WHAT YOU WILL DO
Ignoring every picture, return the lines of the listing below word for word, from the line that holds "275/40/20 Zomerbanden 7.2MM" through the line that holds "Plakát Vítejte Rozkvetlá zahrada, No.5, A3".

RECORDS FOR THIS EXERCISE
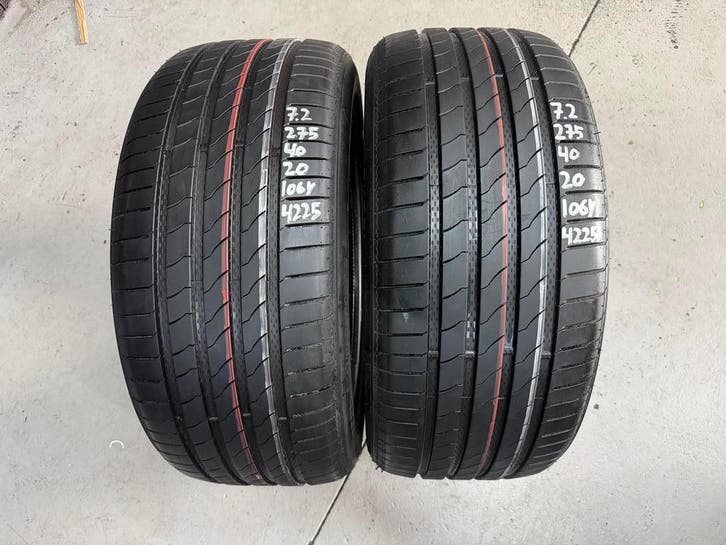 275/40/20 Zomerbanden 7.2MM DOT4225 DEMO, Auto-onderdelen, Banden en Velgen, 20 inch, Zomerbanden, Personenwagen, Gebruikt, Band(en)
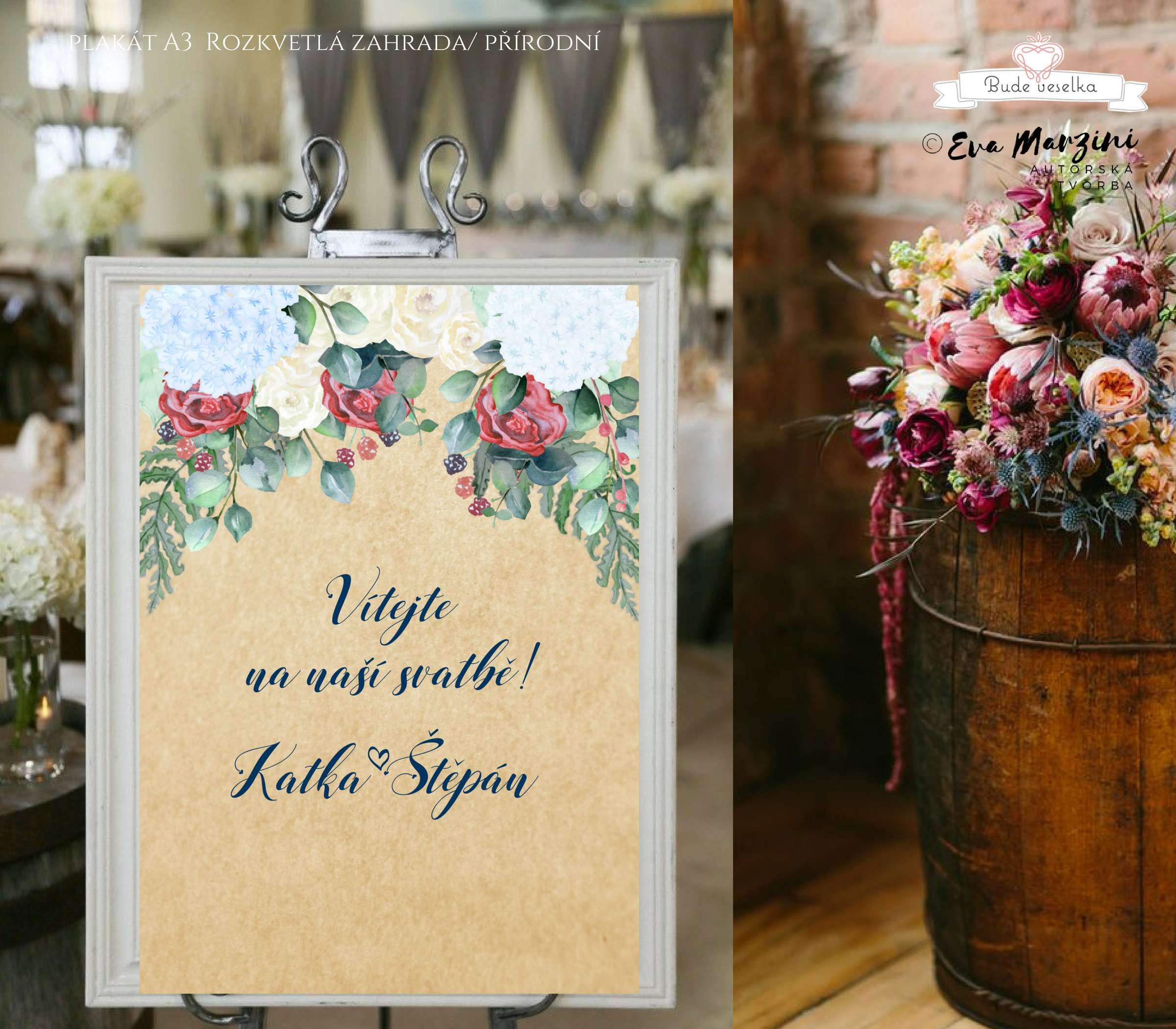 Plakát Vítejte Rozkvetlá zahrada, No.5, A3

* * *

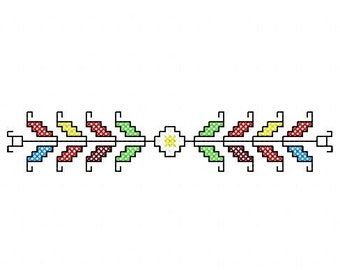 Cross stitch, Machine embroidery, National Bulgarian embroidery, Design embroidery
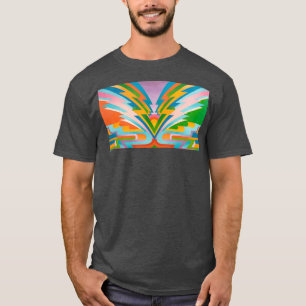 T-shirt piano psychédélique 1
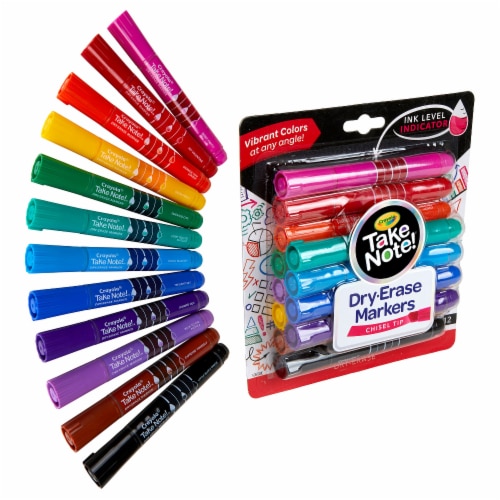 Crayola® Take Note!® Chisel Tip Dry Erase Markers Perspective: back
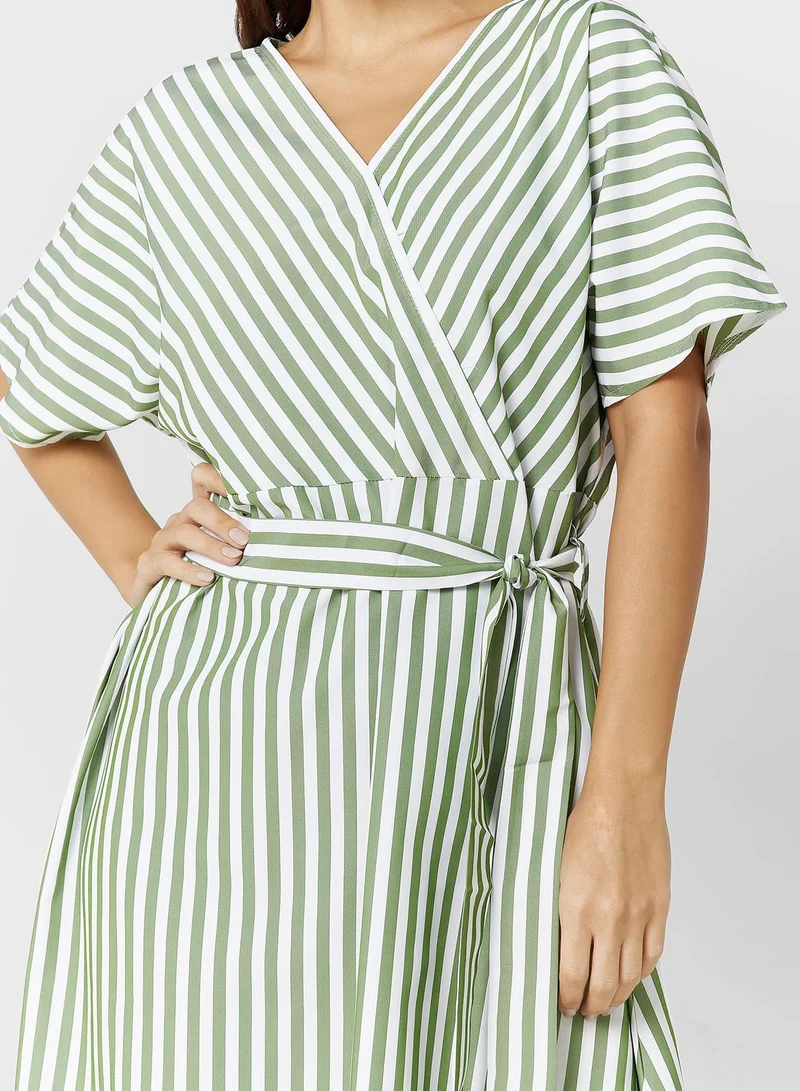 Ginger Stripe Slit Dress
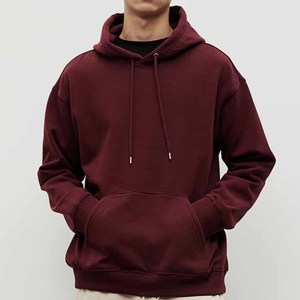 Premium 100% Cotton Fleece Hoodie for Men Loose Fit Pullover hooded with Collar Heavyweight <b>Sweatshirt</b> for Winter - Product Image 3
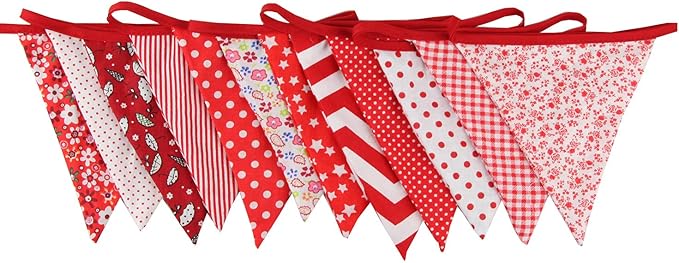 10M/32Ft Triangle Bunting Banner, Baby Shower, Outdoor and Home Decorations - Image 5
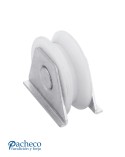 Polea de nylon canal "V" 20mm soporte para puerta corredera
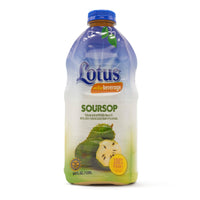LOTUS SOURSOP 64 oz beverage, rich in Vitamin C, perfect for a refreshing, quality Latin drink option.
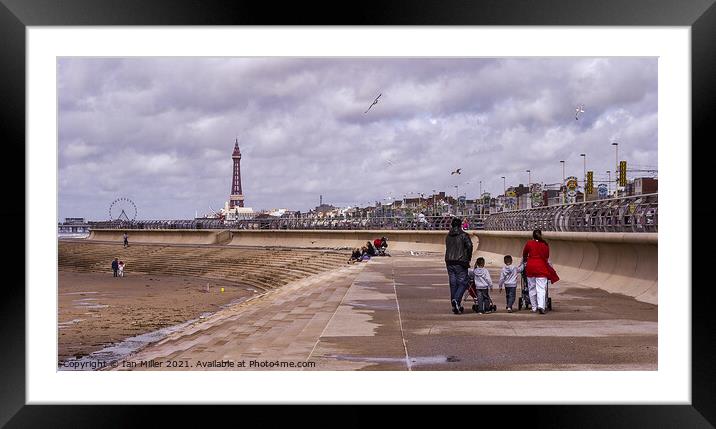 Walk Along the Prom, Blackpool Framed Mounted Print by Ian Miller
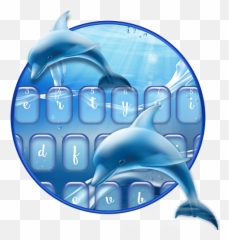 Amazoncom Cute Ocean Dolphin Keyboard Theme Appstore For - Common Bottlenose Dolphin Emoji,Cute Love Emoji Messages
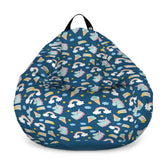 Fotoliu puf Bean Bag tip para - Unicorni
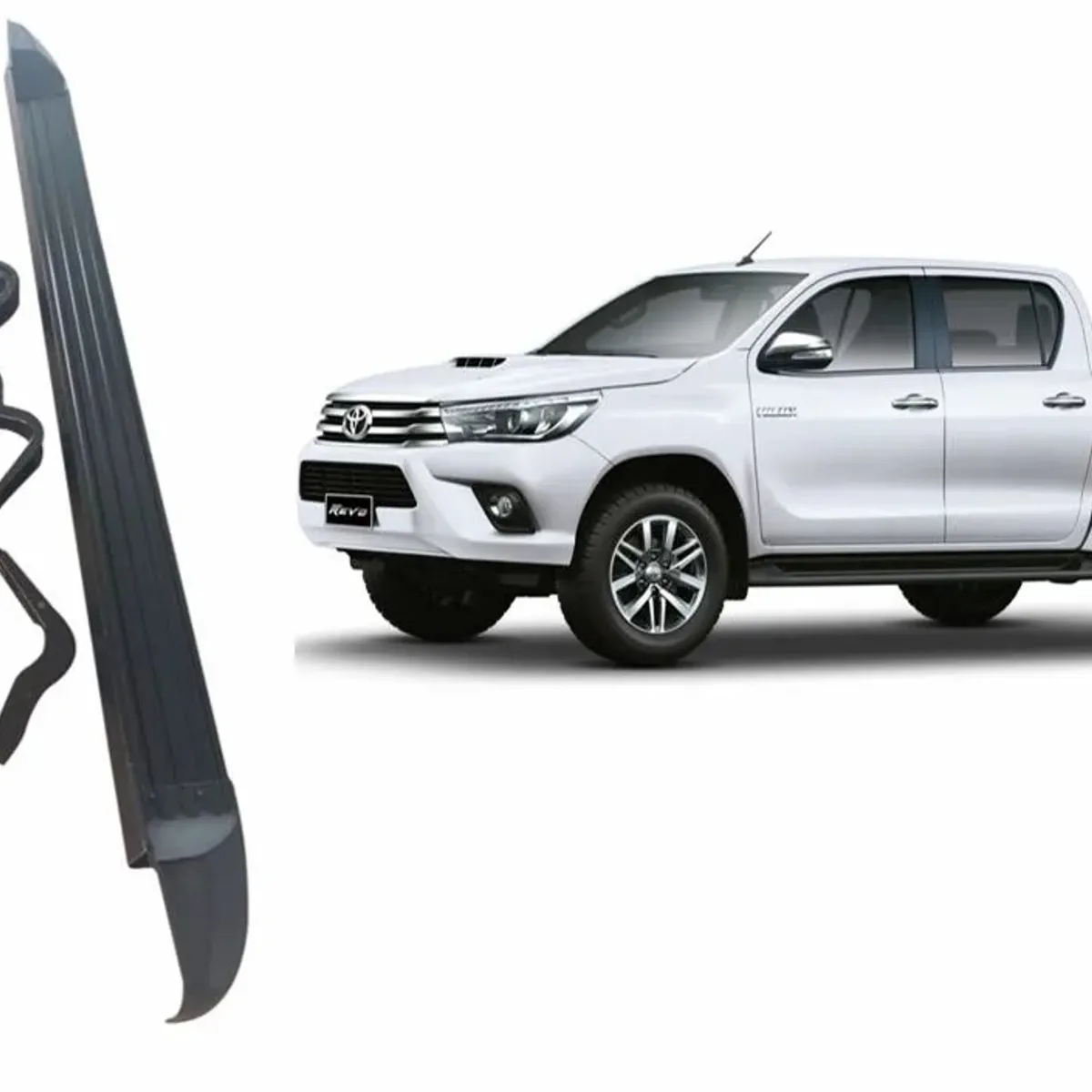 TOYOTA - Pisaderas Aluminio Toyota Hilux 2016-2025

WORKED SOLUTION
 275/40/20 Zomerbanden 7.2MM DOT4225 DEMO, Auto-onderdelen, Banden en Velgen, 20 inch, Zomerbanden, Personenwagen, Gebruikt, Band(en)
 Plakát Vítejte Rozkvetlá zahrada, No.5, A3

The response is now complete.